Juan Martin del Potro has never gotten past the quarterfinals of the Australian Open. (Michael Dodge/Getty Images)
Unseeded Frenchman Jeremy Chardy pulled off the upset of the tournament so far, ousting No. 6 Juan Martin del Potro 6-3, 6-3, 6-7, 3-6, 6-3 in the third round of the Australian Open. Del Potro, a dark horse for the title after a tremendous fall season that saw him defeat Roger Federer twice indoors, wilted late in the fifth set to tumble out.
Three thoughts on a stunning upset:
1. A setback for Del Potro: 2013 is supposed to be the year that the big-hitting Argentine got back to contending for major titles. He's one of the few guys on tour who can say he's beaten the likes of Roger Federer, Rafael Nadal, and Novak Djokovic on the biggest stages. After a year and a half slump brought on by a serious wrist injury, Del Potro began to look like the man who beat Federer for the 2009 U.S. Open last fall. His forehand was clicking, his movement improved. Beating Djokovic at the Olympics (and pushing Federer deep into a third set) reminded him that he belongs with the Big Four.
But you don't become part of that conversation until you're a reliable bet to get deep in the second week of a major. Saturday's loss to Chardy raised quite a few question. Through two rounds Del Potro was one of the most impressive players in the draw, ripping his forehand with impunity. Yet he came out completely flat against the Frenchman on a mild day in Melbourne and couldn't work his way out of the funk tactically. He stayed in a defensive shell and rarely unleashed on his groundstrokes the way he should be when he's dominating. You really shouldn't be scrambling to play defense when you're 6-foot-6, but that's what Del Potro was doing. He consistently found himself six feet behind the baseline defending from sideline to sideline, while the unseeded Chardy, ranked No. 36, had a career day, blasting forehand winners with laser precision.

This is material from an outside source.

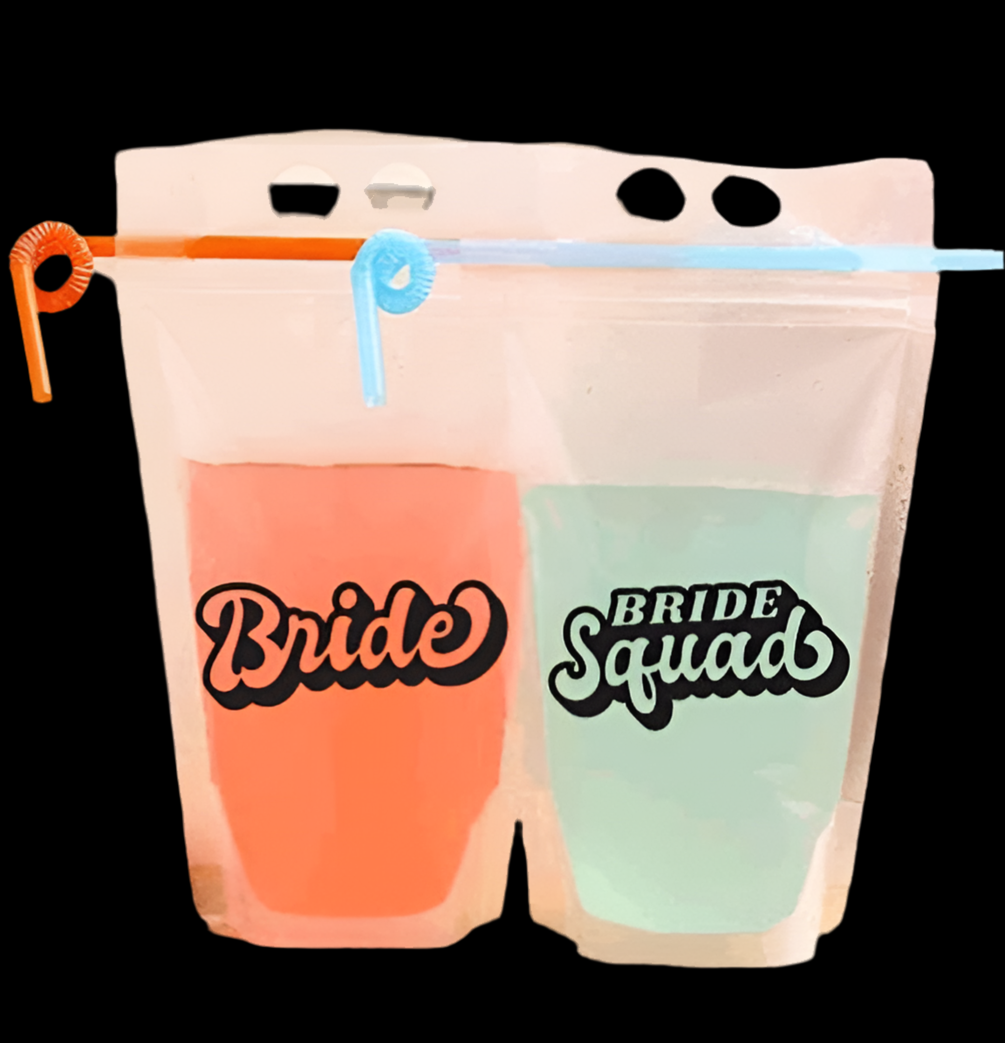 Adult Drink Pouch ~ Bride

Del Potro fans can take some solace in the fact that the Argentine has never had a great history here in Melbourne. He's never made it past the quarterfinals at the Australian Open.
2. Andy Murray's draw gets easier: Murray, 6-4, 6-3, 7-5 winner over Ricardas Berankis, is the prime benefactor of Del Potro's exit. They were slated to meet in a quarterfinal. Instead, assuming he wins his fourth-round match against Gael Monfils or Gilles Simon, Murray won't play a seed in the quarterfinals. Andreas Seppi upset No. 12 Marin Cilic on Saturday as well. Murray had a 5-1 lead in the head-to-head against Del Potro, but the way the Argentine was playing it was easy to think Del Potro was hitting the ball well enough to get the win.
3. Jeremy Chardy, I doff my chapeau
: The focus is obviously on Del Potro but huge respect to Chardy. The 25-year-old has never pulled off a win of this caliber, and to be frank, few could say they believed he had this in him. The conventional wisdom was he would fold after failing to win the match in three sets, a poor third-set tiebreak throwing Del Potro a lifeline. After Del Potro played a poor service game late in the fifth to give Chardy the 5-3 lead, the Frenchman stepped up to the line and served it out without fear.